[prev in list] [next in list] [prev in thread] [next in thread] 

List:       kfm-devel
Subject:    RE: A more flexible solution for internet keywords
From:       Andreas Hochsteger <e9625392 () student ! tuwien ! ac ! at>
Date:       2001-06-29 15:36:33
[Download RAW message or body]

Hi Yves!

On Thu, 28 Jun 2001, Yves Arrouye wrote:

[...]

> >
> > Here's an example:
> > I enter "keyword1 keyword2" into the address bar, which gets
> > substituted
> > by the following link:
> > http://navigation.realnames.com/resolver.dll?action=navigation
> > &realname=keyword1%20keyword2&charset=iso-8859-1&providerid=18
> > 0&fallbackuri=http%3A//www.google.com/search%3Fq%3Dkeyword1%20keyword2
> > Can you have a look at this URL, if there's a mistake somewhere?
> > Try to put it into your konqueror.
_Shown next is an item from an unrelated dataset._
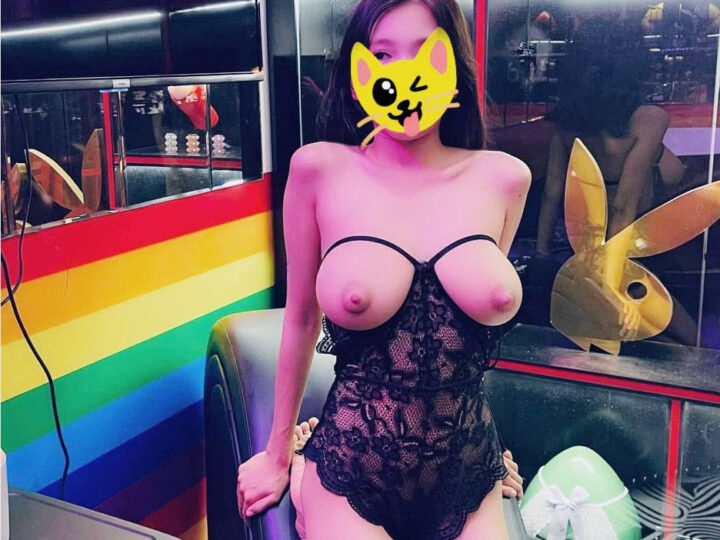 Ảnh 13 của Check hàng bé Như loli SGM Cần Thơ cặp vú quá phê với skill xịt sữa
Does it bring you up a
> > download dialog
> > too?
> > If so, and if the URL is correct, perhaps there is somwhere another
> > mistake in konqueror.
>
> The URL doesn't look correct. First, I would expect to see
>
> 	charset=utf-8

When you look at the original code, there is always iso-8859-1 the default
charset (for charset and responsecharset). Does it mean, that this has to
be changed? I always get iso-8859-1 for my queries.

>
> since Keywords queries should always be sent in UTF-8 (nothing prevents you
> from entering a Chinese Keyword, even if your fallback of Google doesn't
> understand that). And then,
>
> 	responsecharset=iso-8859-1
>
> for Google. Finally, the \1 in the fallbackuri should *NOT* be touched by
> you but passed as is to the Keywords servers. I guess it does not matter
> much if you encode it in the proper charset, but I'd rather keep it the way
> it was, were the Keywords router reencode it (this way, such reencoding is
> always consistent).

I see.
I really didn't know that the realname servers use \1 to replace the query.
That's really hard to support with the new syntax, since \1 isn't
used anymore the way it was before. It will be recognized as old format
and treated with the compatibility mode (\1 -> \{0})
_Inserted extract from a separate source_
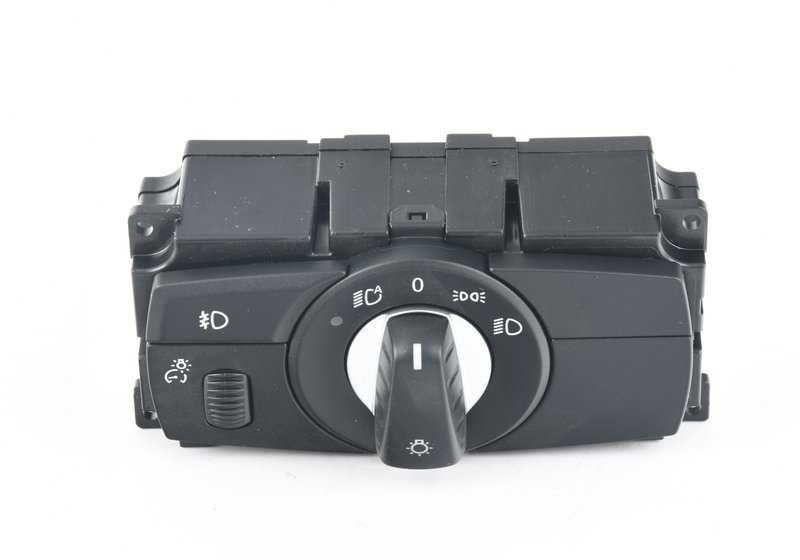 Interruptor de luces OEM 61319134728 para BMW X5 E70 y BMW X6 E71, E72. Compatible con modelos xDrive35i, xDrive35d, 3.0si, 4.8i, 3.5d, 50i, Hybrid X6. Original BMW.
The only solutions for this problem I see is the following:
Don't use \1 in the realname url anymore, but generate the whole fallback
uri on the client side.
The user query will appear twice in the realnames uri:
Once in the realname= term and once in fallbackuri= as argument to the
according fallback search engine whithout a \1 in the resulting uri.
I think it doesn't matter, if we form the fallback uri on the client side
and don't let this be done by the realname server. Another advantage is,
that if someone chooses a fallback search engine, with a more
sophisticated query definition, it can be used too with realnames and
benefit from the advantages of the new query possibilities.
Is this right, or am I missing something?
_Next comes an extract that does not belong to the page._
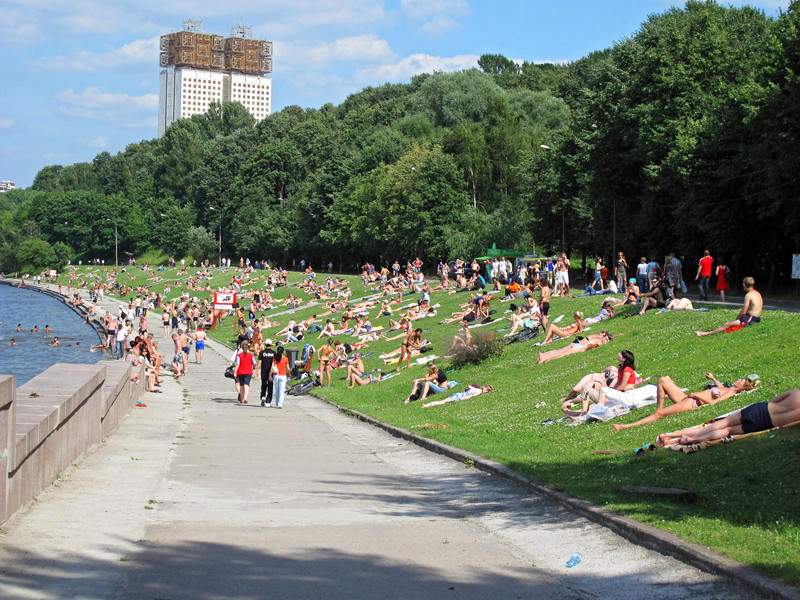 Покупаться в москве. Речка в Москве для купания. Места для купания в Москве. Москва речка купаться. Купание в Москве реке.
The only remaining problem is, that konqueror offers you the resolver.dll
file to download, instead of interpreting it correctly as redirection.
But I've got a hint, how this could be solved:
It seems, that the fallback uri has to be sent to realnames with twice
encoding, what means, if you have a space in the query for google it
should look like %20 in the uri for google and %2520 (%->%25) in the uri
for realnames. A quick test confirmed this guess, but I want to look at it
with more detail.

[...]

> > What do you think of the following names:
> > ikw ... Internet KeyWord
> > wsc ... Web ShortCut
>
> Sounds good to me. IKW and WSC.
>
> > \ikw_fallbackuri
> > \wsc_charset
> > \wsc_responsecharset
> >
> > But doesn't resolver.dll from realnames.com have to do with
> > the internet
> > shortcuts? That's where the charset and the responsecharset
> > are used...
>
> Well, that's where one sees they're tightly integrated :) What happens is

Perhaps we should do a minor redesign and offer a function which only
copes with substitution (pass query definition and substitution map and
return the substituted url):
	QString substituteURI(QString query, SubstMap map);
So we can divide the substitution algorithm from the other logic. A more
clear destinction between internet keywords and web shortcuts would be
nice. What do you think?

> the following: the charset and responecharset are part of the RealNames
> Keywords public interface. If you get a listing (these ugly listings nobody
> likes), then it will be prodiuced in the value of responsecharset. Now, when
> there is a fallback URI, the meaning of responsecharset is that this is the
> charset that the fallback URI expects for its \1 (or \0) parameter. This
> allows to send the query encoded in UTF-8 to the Keywords machine, but to
> re-encode the query for what the follow URI expects if there is no Keyword.
> So for example:
>
> 	You type something in Konqueror, and Google (charset Latin1) is your
> fall back.
> 	The query goes in UTF-8 to the RealNames servers, so if you type a
> Chinese Keyword it works.
> 	If there is no such Keyword, the query is reencoded in Latin1 before
> being handed off tp Google.
>
> If the reencoding didn't happen, and you typed my keyword, Ladédé, with some
> extra chars, as in "Que fait Ladédé cet été?" then Google will get a UTF-8
> query, thinking it's Latin1, and will get all confused.
>
> So I would just use \wsc_charset for a name, and the fallback URI would have
> responsecharset=\wsc_charset in it if you want, instead of the \3 it has
> now.

I don't see the difference between charset and responsecharset here.
Don't you mean charset=\{wsc_charset} and
responsecharset=\{wsc_responsecharset}?
Note, that the latest patch implements the other syntax, you suggested
with some enhancements (See mail from Sunday, 24th of June for details).
This patch used another naming (uri_charset, uri_responsecharset), since
the naming was not yet clear to me.

>
> > I'd volunteer to do so, but I'd need some assistance to do it right.
> > Could you provide me an overview about how all this works together?
>
> Is the above detailed enough?

Yes, it made some issues clear to me, which I didn't understand correctly.
I'll do some more polishing, until it's ready to be commited into cvs
(hopefully before 2.2 ;-).

>
> YA
>

Thanks,

	Andreas

[prev in list] [next in list] [prev in thread] [next in thread] 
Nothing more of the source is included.